* Utilities say regional grids can’t take more renewable power
* Govt, nuclear lobby trying to ‘kill’ solar -Pacifica CEO
* Goal to use renewables to ‘greatest extent possible’ -PM
* Govt concern over renewables boosting power bills -source
By Aaron Sheldrick and James Topham
TOKYO, Oct 17 (Reuters) – Japan’s biggest utilities are blocking most new solar and other renewable energy from transmission grids, stirring concern among green power advocates that Japan favours restarting idled nuclear plants at the expense of other fossil-free supply.
Seven out of Japan’s 10 regional power monopolies have blocked further grid access for renewables, saying new supplies would strain distribution systems, and that solar and wind energy are not reliable enough for uninterrupted power flows.
The action compounds concerns about the prospects for renewables since it also comes as Japan’s Ministry of Economy Trade and Industry (METI) has cut incentives for solar projects, despite Tokyo’s pledge to maximise green power to curb fossil fuel imports after the Fukushima crisis shut the nuclear sector.
METI has formed a working group that is meeting for the first time this week to investigate the action by utilities, but the ministry has not escaped criticism from renewables advocates.
“A combination of METI and the nuclear lobby is trying to kill the solar power industry,” said Seth Sulkin, President and CEO of Pacifica Capital KK, a Tokyo-based solar power and commercial real estate developer.
The ministry denies this, and Prime Minister Shinzo Abe in a policy speech last month said Japan’s goal was still to use renewable energy sources to the “greatest extent possible”.
Oil, coal and gas imports have cost Japanese utilities an extra $28 billion a year since the 2011 earthquake and tsunami that set off the world’s worst nuclear disaster in 25 years, eventually prompting the shutdown of all of Japan’s reactors.
Japan in 2012 proposed increased reliance on renewables as a way to cut the added costs, but while some reactors are likely to come back onstream next year, new renewable projects are getting shut out.
Tokyo Electric Power Co and Kansai Electric Power Co, Japan’s two biggest regional utilities, said they had cut access to those power sources on parts of their grids due to a lack of capacity.

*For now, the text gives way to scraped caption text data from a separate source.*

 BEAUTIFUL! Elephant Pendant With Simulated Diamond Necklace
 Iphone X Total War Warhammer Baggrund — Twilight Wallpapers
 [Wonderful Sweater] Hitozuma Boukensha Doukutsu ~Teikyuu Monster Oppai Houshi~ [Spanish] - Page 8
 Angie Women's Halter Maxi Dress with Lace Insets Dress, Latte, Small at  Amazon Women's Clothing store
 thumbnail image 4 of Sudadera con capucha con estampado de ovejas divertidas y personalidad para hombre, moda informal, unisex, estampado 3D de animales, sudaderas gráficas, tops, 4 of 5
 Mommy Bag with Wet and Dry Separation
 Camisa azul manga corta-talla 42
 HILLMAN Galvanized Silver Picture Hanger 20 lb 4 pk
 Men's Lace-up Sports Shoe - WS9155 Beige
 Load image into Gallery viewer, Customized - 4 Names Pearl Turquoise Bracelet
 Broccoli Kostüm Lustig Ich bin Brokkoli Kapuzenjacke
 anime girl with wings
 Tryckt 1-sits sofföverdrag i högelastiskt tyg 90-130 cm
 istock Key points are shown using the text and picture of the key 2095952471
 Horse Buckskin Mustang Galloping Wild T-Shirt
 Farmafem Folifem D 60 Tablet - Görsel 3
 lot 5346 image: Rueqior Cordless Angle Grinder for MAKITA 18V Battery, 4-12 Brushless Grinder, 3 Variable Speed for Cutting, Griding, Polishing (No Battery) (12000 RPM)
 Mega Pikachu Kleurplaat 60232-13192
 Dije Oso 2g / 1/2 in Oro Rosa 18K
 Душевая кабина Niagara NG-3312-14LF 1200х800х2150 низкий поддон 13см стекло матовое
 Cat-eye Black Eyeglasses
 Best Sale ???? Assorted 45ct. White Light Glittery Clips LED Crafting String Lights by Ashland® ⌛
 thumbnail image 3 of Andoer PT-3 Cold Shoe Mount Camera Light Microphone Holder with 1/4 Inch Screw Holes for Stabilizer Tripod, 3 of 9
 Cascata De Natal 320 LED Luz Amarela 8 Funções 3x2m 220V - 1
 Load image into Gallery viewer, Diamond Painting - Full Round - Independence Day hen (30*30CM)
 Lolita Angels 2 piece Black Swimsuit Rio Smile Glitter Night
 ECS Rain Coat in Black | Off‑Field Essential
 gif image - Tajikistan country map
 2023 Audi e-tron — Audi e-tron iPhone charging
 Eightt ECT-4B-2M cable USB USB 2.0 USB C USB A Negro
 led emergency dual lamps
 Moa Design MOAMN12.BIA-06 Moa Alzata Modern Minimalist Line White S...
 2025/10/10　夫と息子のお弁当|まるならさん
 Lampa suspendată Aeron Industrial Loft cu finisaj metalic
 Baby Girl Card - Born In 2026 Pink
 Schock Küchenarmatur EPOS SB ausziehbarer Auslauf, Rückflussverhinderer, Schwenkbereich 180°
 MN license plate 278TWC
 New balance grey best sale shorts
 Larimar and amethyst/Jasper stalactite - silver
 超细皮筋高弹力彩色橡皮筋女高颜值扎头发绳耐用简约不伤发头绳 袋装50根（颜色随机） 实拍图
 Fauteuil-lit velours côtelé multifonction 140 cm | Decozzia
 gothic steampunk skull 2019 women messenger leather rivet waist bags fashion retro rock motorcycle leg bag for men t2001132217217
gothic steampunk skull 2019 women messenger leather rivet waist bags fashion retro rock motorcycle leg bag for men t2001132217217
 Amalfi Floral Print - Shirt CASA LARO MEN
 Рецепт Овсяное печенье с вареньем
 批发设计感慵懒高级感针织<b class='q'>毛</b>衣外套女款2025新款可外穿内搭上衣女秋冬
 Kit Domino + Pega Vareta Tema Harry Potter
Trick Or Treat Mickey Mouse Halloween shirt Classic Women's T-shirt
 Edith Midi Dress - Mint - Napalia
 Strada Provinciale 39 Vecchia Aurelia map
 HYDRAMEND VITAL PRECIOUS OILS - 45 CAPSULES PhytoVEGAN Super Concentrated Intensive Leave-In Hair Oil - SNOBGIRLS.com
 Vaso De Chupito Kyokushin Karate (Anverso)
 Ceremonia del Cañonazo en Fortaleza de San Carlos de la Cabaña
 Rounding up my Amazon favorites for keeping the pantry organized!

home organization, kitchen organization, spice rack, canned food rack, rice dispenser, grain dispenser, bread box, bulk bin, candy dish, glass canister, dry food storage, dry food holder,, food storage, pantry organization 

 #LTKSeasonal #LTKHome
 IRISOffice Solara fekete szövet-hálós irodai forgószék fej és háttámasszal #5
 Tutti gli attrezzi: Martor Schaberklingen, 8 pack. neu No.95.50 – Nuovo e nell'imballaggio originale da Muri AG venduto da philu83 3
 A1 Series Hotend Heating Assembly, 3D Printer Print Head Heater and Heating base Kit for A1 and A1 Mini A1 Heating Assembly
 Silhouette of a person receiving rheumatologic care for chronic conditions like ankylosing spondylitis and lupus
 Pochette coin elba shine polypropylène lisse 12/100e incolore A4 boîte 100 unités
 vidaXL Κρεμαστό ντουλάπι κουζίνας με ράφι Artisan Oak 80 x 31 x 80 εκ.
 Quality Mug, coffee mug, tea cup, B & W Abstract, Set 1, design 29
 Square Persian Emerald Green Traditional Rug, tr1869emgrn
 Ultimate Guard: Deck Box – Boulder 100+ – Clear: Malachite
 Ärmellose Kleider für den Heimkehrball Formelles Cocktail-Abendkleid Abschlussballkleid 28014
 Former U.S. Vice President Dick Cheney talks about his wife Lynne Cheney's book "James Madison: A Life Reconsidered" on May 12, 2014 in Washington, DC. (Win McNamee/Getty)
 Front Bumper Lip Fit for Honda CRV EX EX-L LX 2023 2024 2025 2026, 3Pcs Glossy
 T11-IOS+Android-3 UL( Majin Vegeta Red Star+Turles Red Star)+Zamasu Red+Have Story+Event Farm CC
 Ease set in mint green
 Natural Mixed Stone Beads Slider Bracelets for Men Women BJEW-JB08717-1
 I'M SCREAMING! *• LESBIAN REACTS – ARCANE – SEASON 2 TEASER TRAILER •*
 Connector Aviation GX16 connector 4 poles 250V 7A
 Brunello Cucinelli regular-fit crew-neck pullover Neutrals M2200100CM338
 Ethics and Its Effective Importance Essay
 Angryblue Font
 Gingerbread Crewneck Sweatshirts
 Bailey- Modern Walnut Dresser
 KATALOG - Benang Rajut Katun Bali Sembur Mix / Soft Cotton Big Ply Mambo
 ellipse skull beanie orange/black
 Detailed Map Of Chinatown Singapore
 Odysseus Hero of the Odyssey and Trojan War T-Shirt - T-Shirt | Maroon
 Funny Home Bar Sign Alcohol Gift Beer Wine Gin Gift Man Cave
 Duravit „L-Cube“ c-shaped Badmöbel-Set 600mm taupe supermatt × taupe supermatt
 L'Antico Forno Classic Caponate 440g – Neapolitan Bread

Other utilities, including Kyushu Electric Power Co , have stopped accepting new supplies, except for household solar.
“If the entire renewables amount already applied for was connected it would cause power production to surpass what our customers use,” said Yuka Otsubo, a spokeswoman for Kyushu Electric, which also said it was concerned that fluctuating solar supplies could cause blackouts.
A METI renewables official said the working group looking at the barring of renewables from power grids needed to promptly check and confirm what the electricity firms were saying.
Industry sources say Japan’s grid could handle renewable input of up to 10 percent, although utilities have not said publicly how much they can take.
HIGH TARIFFS, BIG PLANS
In 2012, Japan introduced a feed-in-tariff (FIT) scheme requiring utilities to purchase all electricity generated from renewables at guaranteed rates for set periods.
The rates promised were among the highest in the world for renewables, and this led to a rush of proposals. By April 30 this year, the government had approved 71 gigawatts of capacity under the scheme, according to METI’s latest data, more than 95 percent from solar projects.
Only about 14 percent of the approvals have been connected to utility grids, but that has been enough to raise renewable supplies – excluding hydroelectric – to almost 3 percent of power output from 1 percent before the Fukushima disaster.
But the high number of solar projects has alarmed the government about the extra cost to power bills, especially in rural areas that are support bases for the ruling party, according to a source who was briefed on the matter by an aide to Prime Minister Abe this month.
Solar power can cost up to 38 yen ($0.36) per kilowatt-hour (kWh) to produce, more than three times the cost of nuclear power at about 9 yen per kWh, according to a METI study in 2011.
If all the proposed renewables projects were hooked up, about $25 billion a year would be added to power bills, according to one estimate.
Despite this, public opposition to nuclear restarts and support for renewable tariffs remain high, according to opinion polls.
CUTTING SOLAR INCENTIVES
METI has cut the guaranteed fees for solar supplies each year since green power incentives were introduced in 2012 and this month moved to tighten rules on guaranteed payments for larger solar projects, according to local media.
The FIT scheme faces a three-year review starting this month, and some people in the industry are expecting further moves by METI to curtail solar power, even possibly abolishing the guaranteed feed-in rates for sun-powered projects.
“The operation of nuclear power is fine, but as a result I worry that renewable energy will be restricted,” Kenji Araki, an executive at solar developer West Holdings, said in an email.